Zero-Shot Classification and Retrieval Using GANs

In this blog post, I’ll share interesting highlights in my journey of exploring and implementing Zero-Shot Learning (ZSL) using Generative Adversarial Networks (GANs). I worked on this project back in 2018 for master’s thesis in the Computer Vision Lab at the University of Bern, Switzerland.

Motivation

Humans have an incredible ability to learn new concepts without needing explicit examples. Zero-Shot Learning aims to replicate this ability by solving tasks for categories that were not seen during training. The key idea is leveraging auxiliary information, such as textual descriptions or attribute vectors, to imagine unseen classes.

For example, given the description: “A lion is a muscular, deep-chested cat with a short, rounded head,” a ZSL model should be able to identify lions without seeing a single image of a lion.

Overview of Zero-Shot Learning

In ZSL, the model transfers knowledge from seen classes to unseen classes using a shared representation. In this project, I focused three scenarios in ZSL:

Standard ZSL: Classification of only unseen classes at test time.
Generalized ZSL: Classification of both seen and unseen classes.
Zero-Shot Retrieval: Retrieving images of unseen classes.

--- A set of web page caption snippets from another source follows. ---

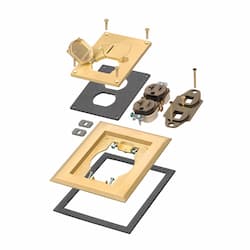 1-Gang Frame Kit w/ Flip Lids & Receptacle for Gangable Box, Metal, BS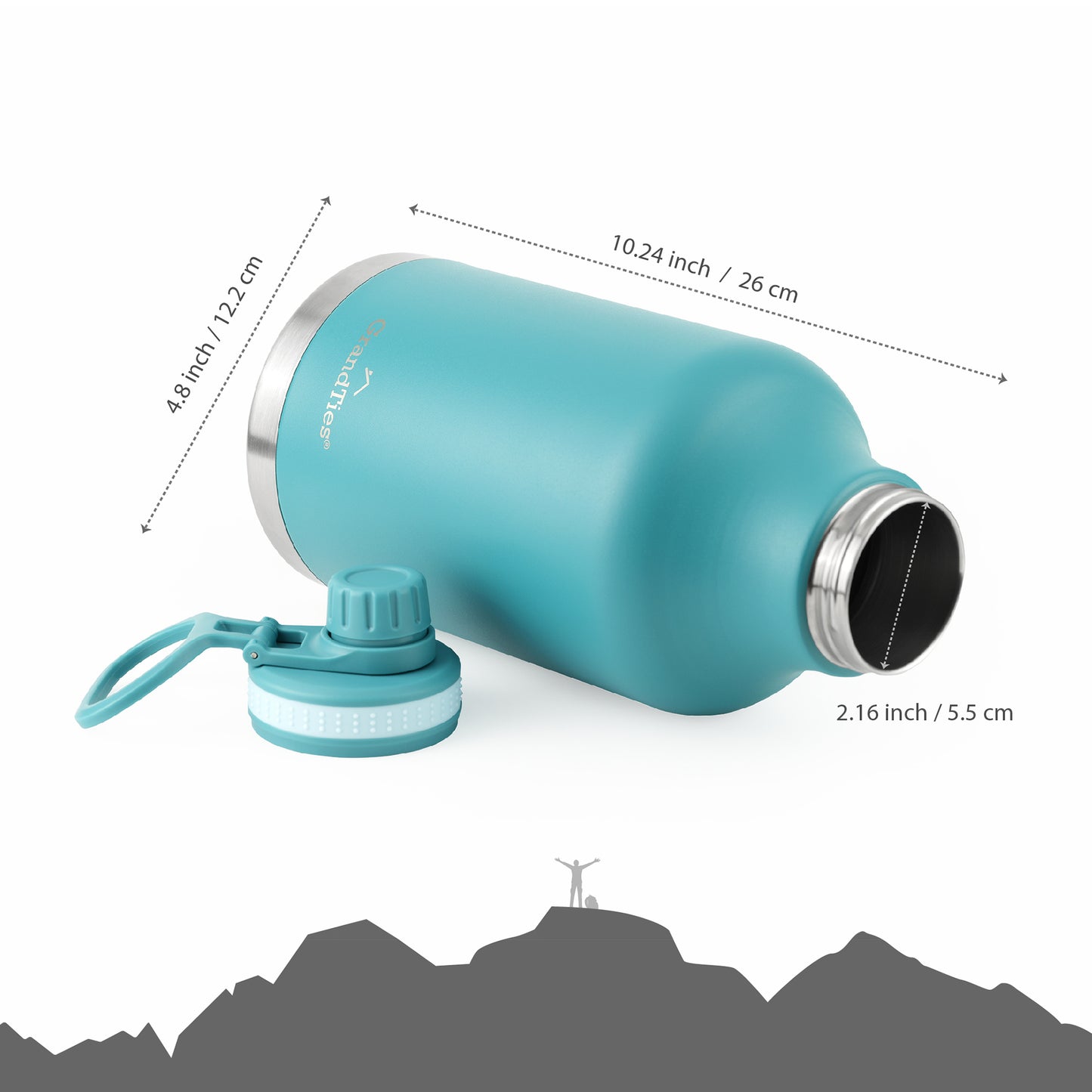 Insulated Travel Water Bottle with Two Handle Lids | 64oz/1890ml - Grandties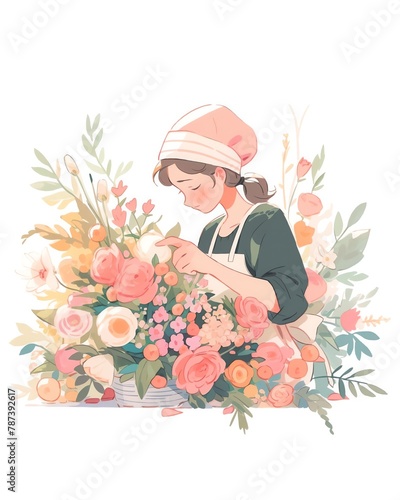 A minimalist outline of a florist arranging a bouquet  floral pinks and greens  light watercolor  white background
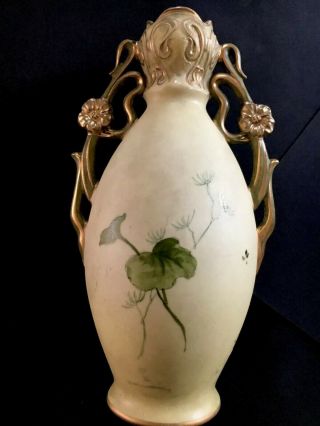 Antique Ernst Wahliss Turn Wien Austria Porcelain Vase Floral 8” Tall 4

Generative Adversarial Networks for ZSL

Generative approaches emerged as an alternative solution to ZSL. GANs, which are popular generative models, can be used to synthesize visual features for unseen categories based on auxiliary information. The key idea is simple yet powerful: If we can generate features that resemble unseen class distributions, we can train a classifier on these features. This requires a feature extractor that can be exploited for extracting features from images both at training and test times.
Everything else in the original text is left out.